**Task goal**
The required output is the exact text of the lines from the line containing "Graffiti Wall - Photo by 67rus - . (2012)" through the final line below, inclusive, without pictures.

**Provided data**
◇ ◇ ◇ ◇ ◇
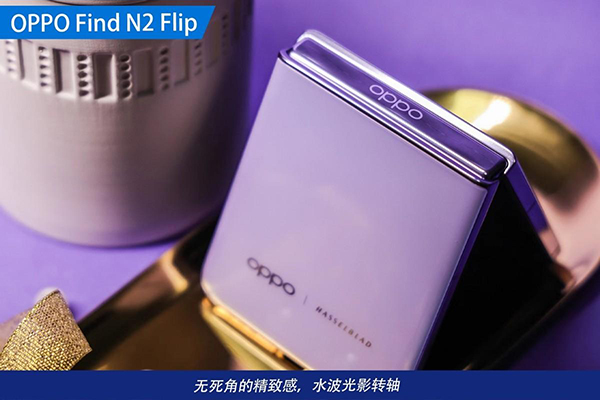 OPPO Find N2 Flip的铰链耐用吗，寿命怎么样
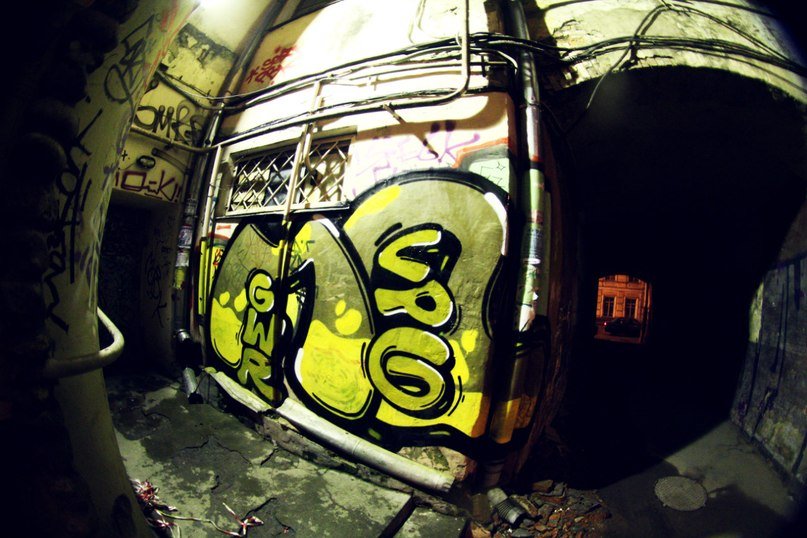 Graffiti Wall - Photo by 67rus - . (2012)
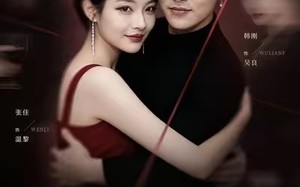 画皮之重生谎颜（30集）短剧夸克网盘在线看超爽体验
◇ ◇ ◇ ◇ ◇
**Output of the task**
 Graffiti Wall - Photo by 67rus - . (2012)
 画皮之重生谎颜（30集）短剧夸克网盘在线看超爽体验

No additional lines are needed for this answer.